Недоросль: В вашем Театре очень большой репертуар, и это произведения только отечественных композиторов, причем чаще всего написанных именно для вашего театра. Такого у нас больше и нет нигде. Как возник такой оазис для композиторов?

Янковский: Геннадий Александрович называл их придворными композиторами. Кто-то обижался, а кто-то нет. Гайдн тоже был придворным композитором. Но начинается всегда с названия – «Без вины виноватые», «Бесприданница», «Недоросль» или «Анна Каренина». Потом идет поиск композитора. Мы много лет работали с Кулыгиным, у него шикарная музыкальная драматургия, но сложный музыкальный язык, приходится пробираться. Когда мы выпустили «Астрономию любви», которую написал Марк Самойлов – шикарная музыка, мелодичная – стали с Геннадием Александровичем думать, кто мог бы написать «Анну Каренину». Нужна была такая музыка, чтобы объясняла, чтобы прощала многие вещи, которые мы, читая, не простили бы ни Вронскому, ни Анне. Чтобы музыка смягчила все это и сделала более человечным для понимания. Изменила отношение к персонажам. Вышли на Самойлова – он загорелся, сказал «да-да-да». Но говорит – сделаем любовный треугольник, спектакль будет называться «Страсти по Анне». Чихачев сразу отказался. Сказал, что книга не заканчивается гибелью Анны, там еще много страниц о любви, о верности, о земле, о Родине, там Левин, пахари, там русская культура. Убедили его. Он написал восемь или девять шикарных мелодий и сказал «вот вам, делайте что хотите». И нам пришлось из этого создавать огромный, трех с половиной часовой спектакль, о том, как Сережа Каренин вырос и стал смотреть, что на самом деле произошло с мамой. Как детектив все это раскручивалось. И мне пришлось всю канву музыкальную делать.
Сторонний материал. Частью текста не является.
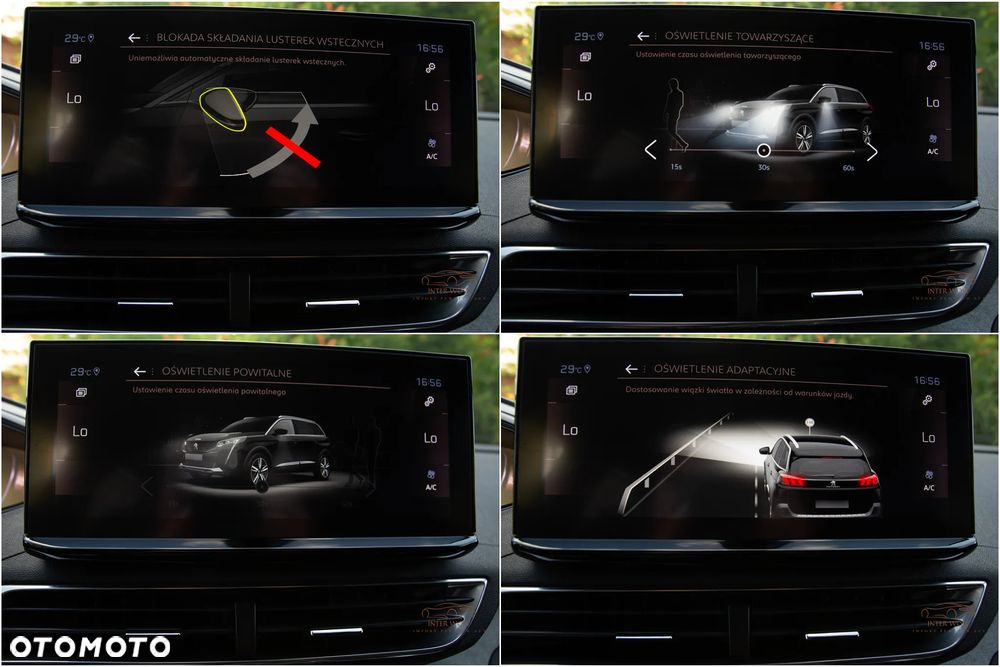 Peugeot 5008 BlueHDi 180 EAT8 GT Pack - 35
Еще история. У нас есть замечательный спектакль «Волк и семеро козлят». Сначала хотели с Кулыгиным, но потом поняли, что должно быть более современно. Вышли на Николая Орловского – он такой молодой, бесшабашный, чрезвычайно эмоциональный, творческий. И он принес замечательный материал, там даже эклектика какая-то была – волк играл на банджо, то есть в американском стиле, ворона поет в манере итальянских арий. Очень хороший получился спектакль, он идет уже много лет, и дети в восторге.
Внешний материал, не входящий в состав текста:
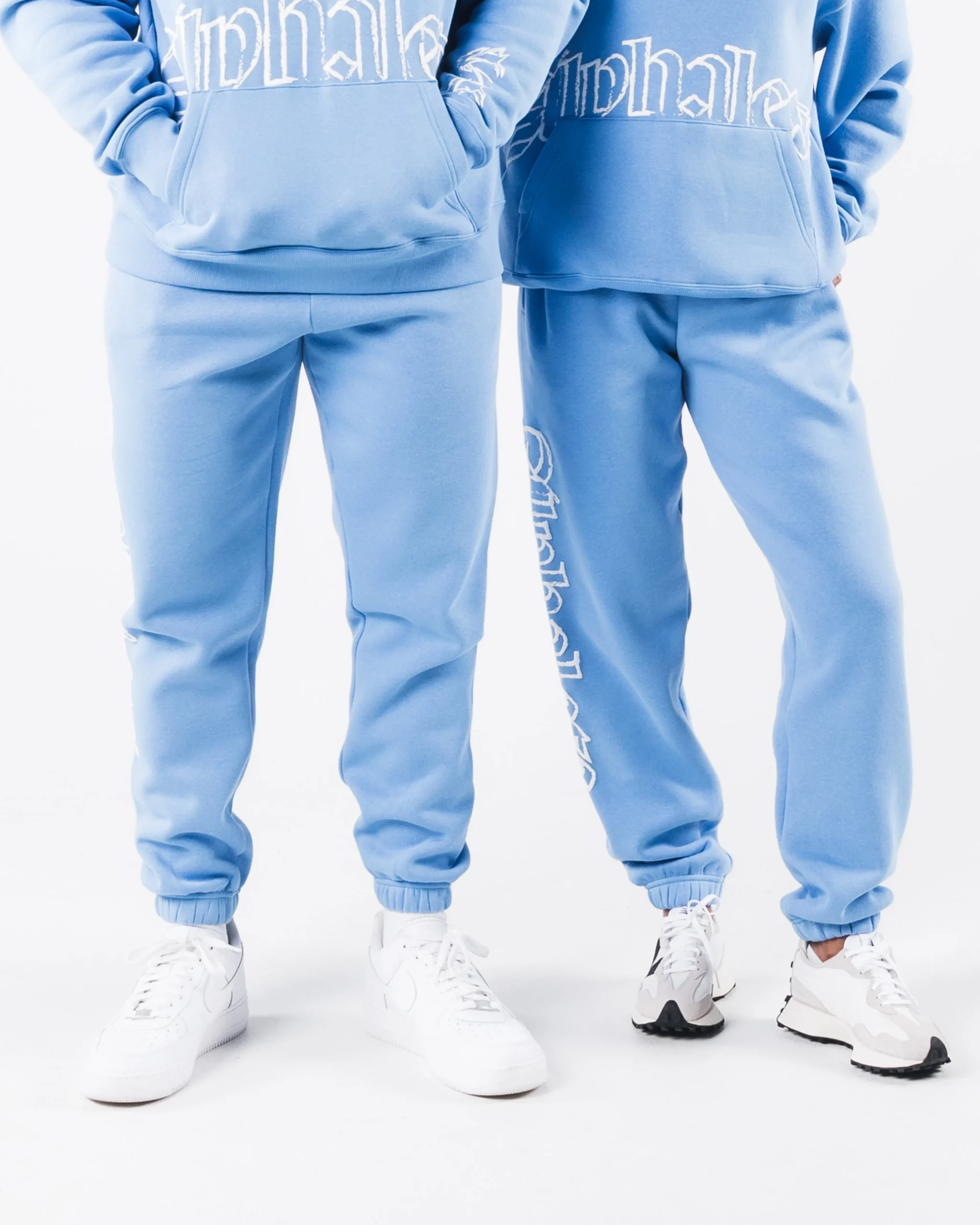 Outlet Script Jogger Women Sweatpants|Pants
Потом решили написать «Тарзана». Обратились опять к Орловскому, он принес какие-то наметки – и не пошло. Масштаб другой. Если в «Волке» может быть достаточно легкая, иллюстративная музыка, то здесь все-таки история любви, история родственных взаимоотношений. Тогда обратились к Владимиру Качесову, и он написал просто прекрасный материал. То есть иногда попадали в точку с композитором, а иногда приходилось через лабиринт проходить – или материал весь выбрасывать, или композитора менять.
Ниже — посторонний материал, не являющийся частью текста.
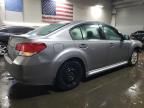 2011 Subaru Legacy 2.5I Premium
Спектакль «Алые паруса» / фото Александр Иванишин
Недоросль: Теперь, видимо, будет по-другому? Ведь Геннадий Александрович был режиссером...

Янковский: Если бы он меньше был режиссером, а были бы еще другие режиссеры, то Театру было бы лучше. Трудно сейчас сказать. Ведь и критики, которые приходили, говорили, все так замечательно, давайте чтобы другие режиссеры ставили, чтобы и артистам в разные стороны двигаться. Но Чихачев стоял намертво – нет, никогда. Это был минус. В том числе и для артистов – мы знали, что ждать от каждого. Сейчас все изменилось кардинально – приходит режиссер, который берется за какое-то название (это началось с «Дубровского»), я артистам даю полную волю, говорю – просто покажитесь, без тонкостей, хотите спеть Машу или Егоровну, пойте и то, и другое. Пришел режиссер, пришли Брейтбурги, и вся труппа показала все что они хотят. Настоящий кастинг внутри театра. Постановщики выбрали – и попали очень удачно. То же самое было с «Севастопольским вальсом» – Дружинин пересмотрел всех, и они пели народные песни, частушки, романсы, оперные арии, он смотрел по типажам, по характеристикам голосовым, он очень тонкий в понимании музыки. Мы с ним сошлись полностью в этом всем. И на мюзикле «Алые паруса» было также. Как мне кажется, режиссер Олег Ильин очень удачно провел кастинг. Но в этом принципе работы есть минус – может получиться, что разные режиссеры будут видеть одних и тех же. Но – они хорошие. Это справедливо. Никаких административных назначений. Не подошли одному режиссеру, другому, третьему, что я могу сделать – ничего. Ждите четвертого режиссера. Так что раньше было распределение. А сейчас, увидели тебя – твори, не увидели – жди.